### Supplied information
═══

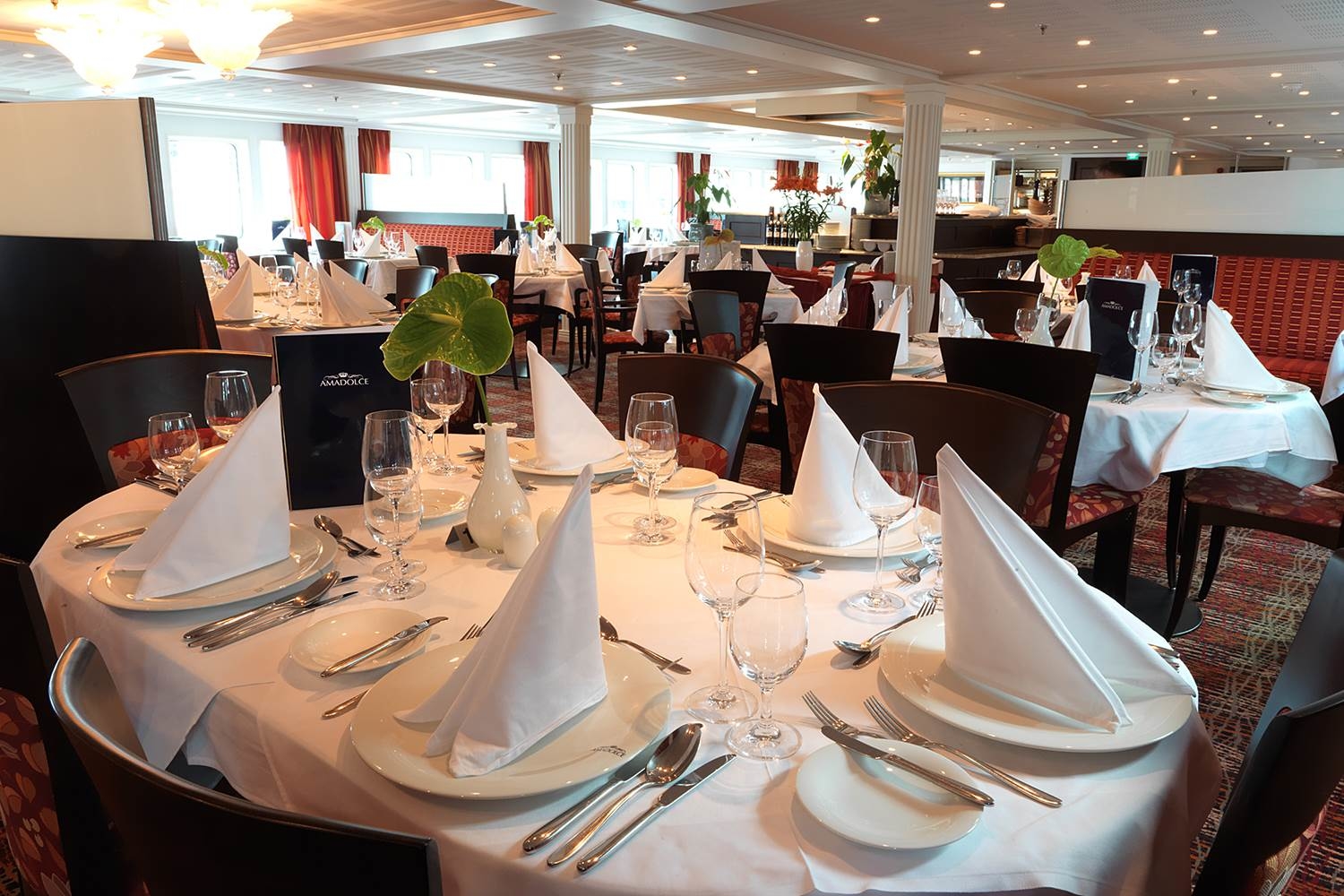 Main dining room aboard AmaDolce with elegant table settings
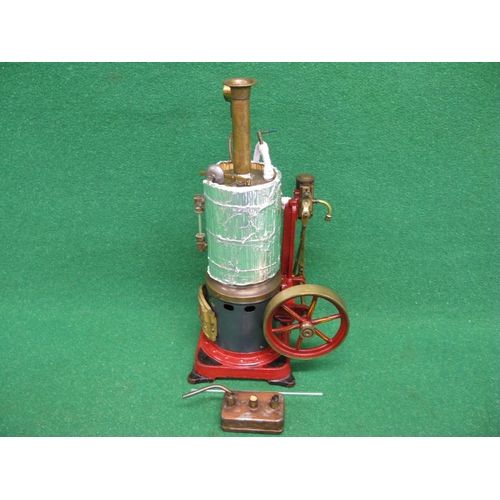 270 - Modified single cylinder vertical steam engine attached to a vertical boiler on a cast iron base emb... 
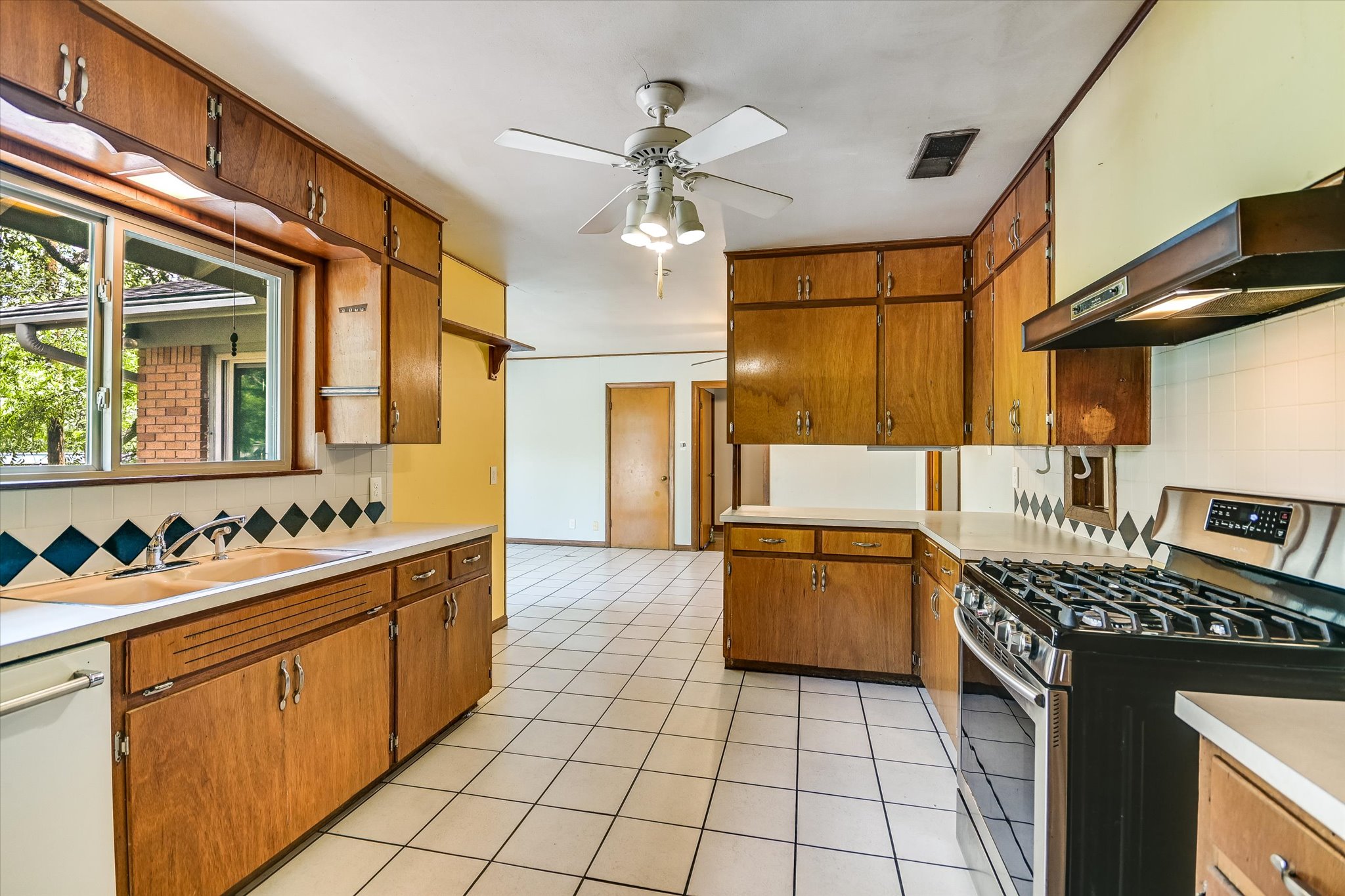 502 Sunset Circle Austin, TX 78704 - Photo 10 of 27 Tile floors, wood cabinetry, gas range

═══

Once the images are removed, print the remaining data exactly as it appears above.

 Main dining room aboard AmaDolce with elegant table settings
 270 - Modified single cylinder vertical steam engine attached to a vertical boiler on a cast iron base emb... 
 502 Sunset Circle Austin, TX 78704 - Photo 10 of 27 Tile floors, wood cabinetry, gas range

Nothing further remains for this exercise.